Sunday, October 11, 2015

Interview questions for Data Scientists

In preparation for a coding interview I collected numerous coding questions for Data Scientist. The question are not sorted and I have done little to clean them up. Still they might be useful for others:

What is: lift, KPI, robustness, model fitting, design of experiments, 80/20 rule?

What is: collaborative filtering, n-grams, map reduce, cosine distance?

How to optimize a web crawler to run much faster, extract better information, and better summarize data to produce cleaner databases?

How would you come up with a solution to identify plagiarism?

How to detect individual paid accounts shared by multiple users?

Should click data be handled in real time? Why? In which contexts?

What is better: good data or good models? And how do you define "good"? Is there a universal good model? Are there any models that are definitely not so good?

What is probabilistic merging (AKA fuzzy merging)? Is it easier to handle with SQL or other languages? Which languages would you choose for semi-structured text data reconciliation?

How do you handle missing data? What imputation techniques do you recommend?

Compare SAS, R, Python, Perl

What is the curse of big data?

You are about to send one million email (marketing campaign). How do you optimze delivery? How do you optimize response? Can you optimize both separately? (answer: not really)

How would you turn unstructured data into structured data? Is it really necessary? Is it OK to store data as flat text files rather than in an SQL-powered RDBMS?

What are hash table collisions? How is it avoided? How frequently does it happen?

How to make sure a mapreduce application has good load balance? What is load balance?

Examples where mapreduce does not work? Examples where it works very well?

Is it better to have 100 small hash tables or one big hash table, in memory, in terms of access speed (assuming both fit within RAM)? What do you think about in-database analytics?

Why is naive Bayes so bad? How would you improve a spam detection algorithm that uses naive Bayes?

What is star schema? Lookup tables?

Define: quality assurance, six sigma, design of experiments. Give examples of good and bad designs of experiments.

What are the drawbacks of general linear model? Are you familiar with alternatives (Lasso, ridge regression, boosted trees)?

Do you think 50 small decision trees are better than a large one? Why?

Give examples of data that does not have a Gaussian distribution, nor log-normal. Give examples of data that has a very chaotic distribution?

Why is mean square error a bad measure of model performance? What would you suggest instead?

How can you prove that one improvement you've brought to an algorithm is really an improvement over not doing anything? Are you familiar with A/B testing?

What is sensitivity analysis? Is it better to have low sensitivity (that is, great robustness) and low predictive power, or the other way around? How to perform good cross-validation? What do you think about the idea of injecting noise in your data set to test the sensitivity of your models?

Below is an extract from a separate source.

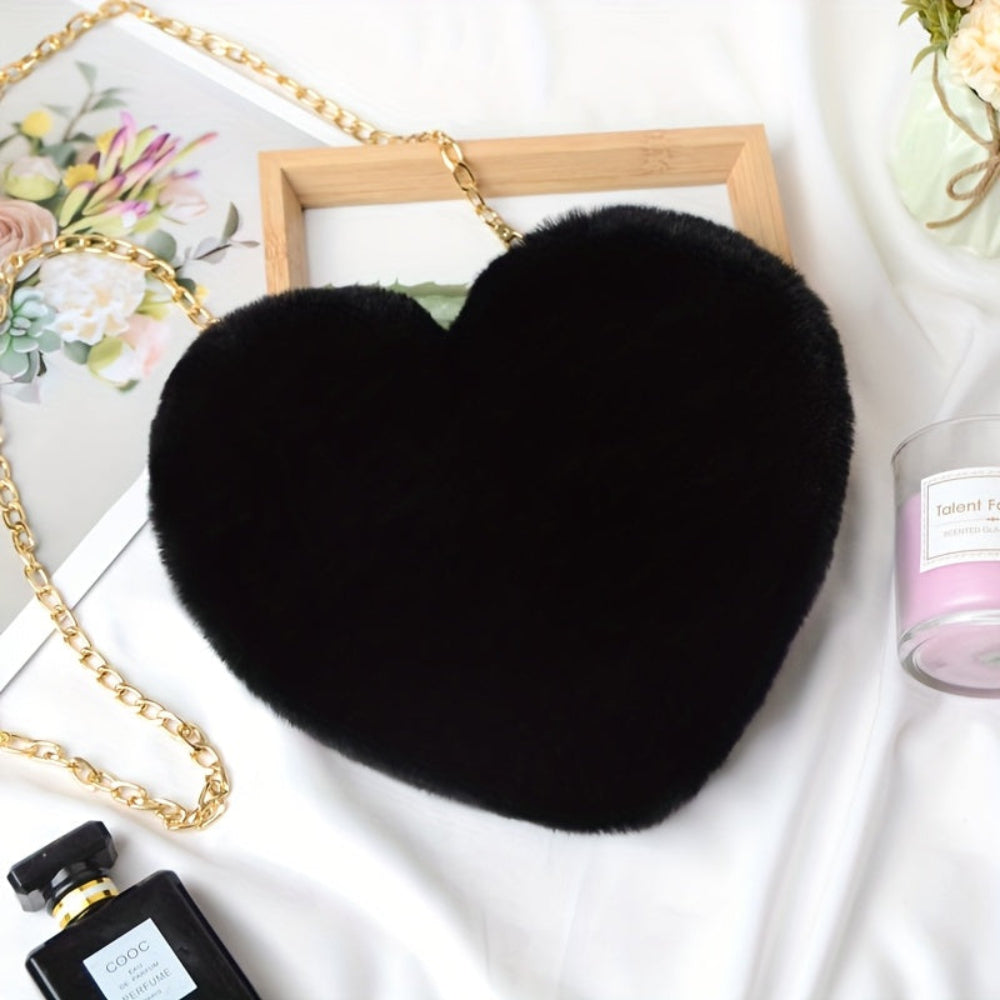 Heart Handbag Plush Shoulder Chain Evening Bag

Compare logistic regression w. decision trees, neural networks. How have these technologies been vastly improved over the last 15 years?

Do you know / used data reduction techniques other than PCA? What do you think of step-wise regression? What kind of step-wise techniques are you familiar with? When is full data better than reduced data or sample?

How would you build non parametric confidence intervals, e.g. for scores? (see the AnalyticBridge theorem)

Are you familiar either with extreme value theory, monte carlo simulations or mathematical statistics (or anything else) to correctly estimate the chance of a very rare event?

What is root cause analysis? How to identify a cause vs. a correlation? Give examples.

How would you define and measure the predictive power of a metric?

How to detect the best rule set for a fraud detection scoring technology? How do you deal with rule redundancy, rule discovery, and the combinatorial nature of the problem (for finding optimum rule set - the one with best predictive power)? Can an approximate solution to the rule set problem be OK? How would you find an OK approximate solution? How would you decide it is good enough and stop looking for a better one?

What is POC (proof of concept)?

Is it better to have too many false positives, or too many false negatives?

Are you familiar with pricing optimization, price elasticity, inventory management, competitive intelligence? Give examples.

How does Zillow's algorithm work? (to estimate the value of any home in US)

Have you used time series models? Cross-correlations with time lags? Correlograms? Spectral analysis? Signal processing and filtering techniques? In which context?

What is an efficiency curve? What are its drawbacks, and how can they be overcome?

What is a recommendation engine? How does it work?

What is an exact test? How and when can simulations help us when we do not use an exact test?

What is the computational complexity of a good, fast clustering algorithm? What is a good clustering algorithm? How do you determine the number of clusters? How would you perform clustering on one million unique keywords, assuming you have 10 million data points - each one consisting of two keywords, and a metric measuring how similar these two keywords are? How would you create this 10 million data points table in the first place?

Give a few examples of "best practices" in data science.

You design a robust non-parametric statistic (metric) to replace correlation or R square, that (1) is independent of sample size, (2) always between -1 and +1, and (3) based on rank statistics. How do you normalize for sample size? Write an algorithm that computes all permutations of n elements. How do you sample permutations (that is, generate tons of random permutations) when n is large, to estimate the asymptotic distribution for your newly created metric? You may use this asymptotic distribution for normalizing your metric. Do you think that an exact theoretical distribution might exist, and therefore, we should find it, and use it rather than wasting our time trying to estimate the asymptotic distribution using simulations?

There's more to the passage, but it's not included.